Well hello there, my loves. I’m flattered to know I’ve developed such a reputation around here– not only for being a hearthrob, but also for being such a well-mannered dog and a big-hearted foster brother. I believe I heard mama mentioning that somebody even referred to me as “Mr. Perfect.” Well aww, shucks. I hate to risk you thinking less of me, but mama says I have to come clean. So here we go: even dogs who look like perfect angels have dark, dirty secrets. And I’m not just talking about my great love for the culinary pleasures of cat poo.

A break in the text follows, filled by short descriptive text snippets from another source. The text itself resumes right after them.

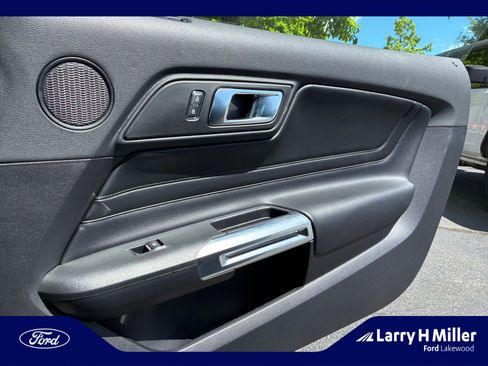 Used 2019 Ford Mustang Bullitt w/ Bullitt Electronics Package RWD image 16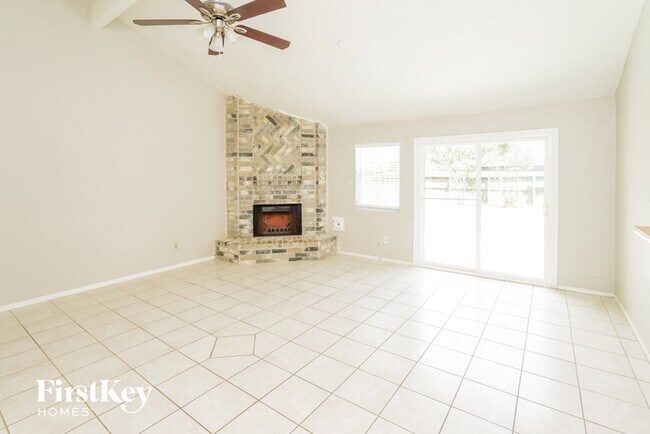 Foto del edificio - 26511 Cypresswood Drive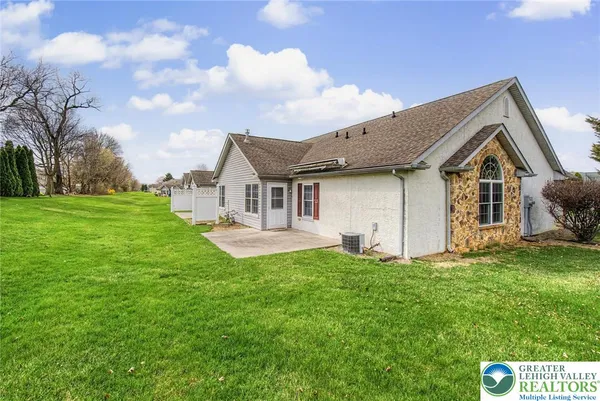 $284,900 | 1360 Silo Drive, Easton, PA 18040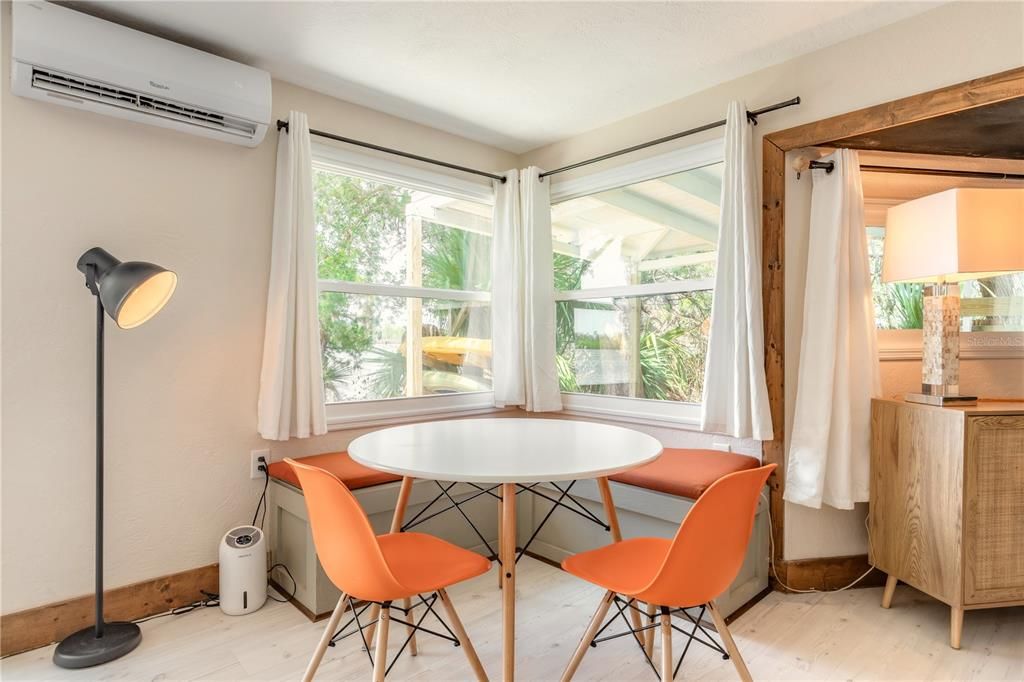 For Sale: $550,000 (1 beds, 1 baths, 1082 Square Feet)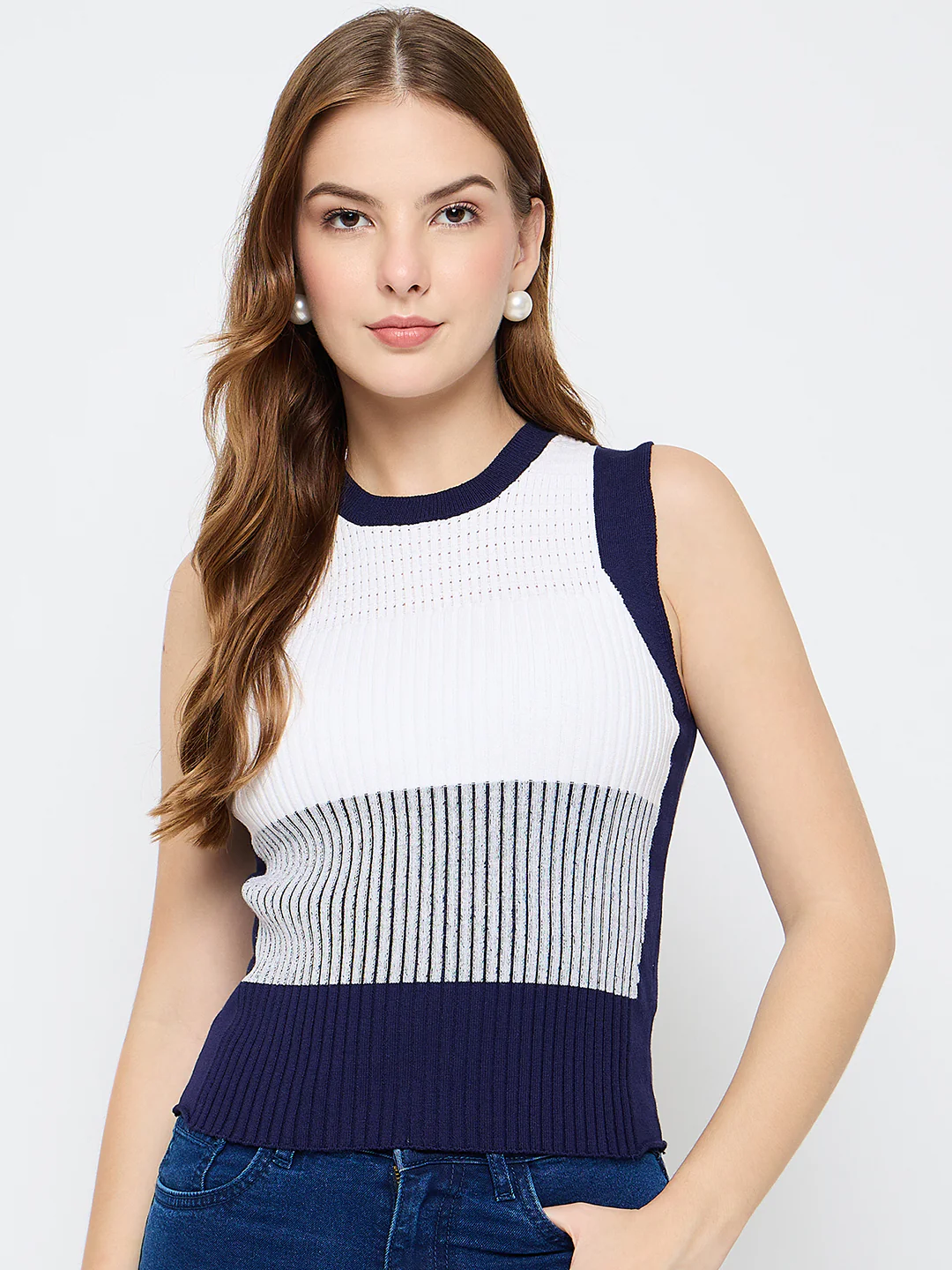 Madame Colourblock Sleeveless Navy Blue Knitted Top - Image 3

You see, I seem perfectly well-behaved, but I have my weaknesses. In fact, mama and dad have done A WHOLE LOT of training with me to make me into the near-perfect gentleman that I am today. When mama adopted me about 7 years ago in Austin, I was a wild man. I had no manners, couldn’t concentrate even for a squilli-second, and I was a real conspiracy-theorist when it came to other dogs. I thought they were all out to get me and my people, and I had to protect myself and my family! It was the least I could do to thank my mama and dad for springing me out of the slammer that cold November day and bringing me home to live with them in the land of soft dog beds and chew toys. That’s what a good dog does . . . right?? So as soon as I saw another dog, I would go totally bonkers. Mama would kind of freak out, act embarassed, sometimes yell at me, and drag me away. I didn’t understand why she didn’t appreciate my gallantry, and she didn’t understand why I was being so gallant. It was the perfect recipe for what I call “just being a dog” and what I think you humans call “a behavioral issue.” Big, loaded words were thrown around like “aggressive” and “hate.” She and dad just didn’t understand.
So we tried taking a basic class at the big box pet store and I learned a great “sit,” but it didn’t help so much to make me calm and friendly when other dogs came around. Mama was so overwhelmed that for a long time she thought that I would never be able to be around other dogs — ever, at all. Can you imagine? My life would be so sad without my best bud Tex the lab, good ol’ Pancho Villa the pointerish, and even young Keebler the poodle.
After a while, we discovered the greatest dog trainer that ever was, and he taught me and my people (but mostly my people) about how us dogs think, and how to explain to us what is ok in the human world and what is not ok. He taught my mama that I am not aggressive, hateful, or mean, I just feel a little helpless when a dog rushes me on my leash, and I react in the only way I know how, trying to tell him or her to go away. Lee Mannix taught us how to “set me up for success” and how to meet other dogs in a positive way. If not for Lee, I might never have been able to foster the six dogs I have fostered so far, and perhaps most tragically of all, I might never have had my love affair with Gonzo Bunny-Ears:
We have come a long way since then, but even now, I begrudgingly admit that I am still not perfect. When we bring new dogs into our house, we go S-L-O-W in letting them meet me, since that works best for me. I don’t get to sniff with other dogs on walks, and if we are ever out and about and see a dog running around off leash, we immediately turn around and start heading in the opposite direction, and mama reaches for the hot dogs. It may seem kind of persnickety, but it works for us.
Lee Mannix taught us a lot of valuable lessons, but looking back on it all, I think I have taught my mama some valuable lessons too. From me, she learned never to think the worst of a dog, but instead to try to understand its perspective and find a positive way to communicate with it. She learned that the dogs who some people consider to be a “problem” can actually be a real treasure. And she learned that judging a dog based on its current behavior — rather than thinking about its potential and how we might work together as a team — can be a real mistake.
Without all of those valuable lessons, mama might have given up on me. And wouldn’t that have been such a loss?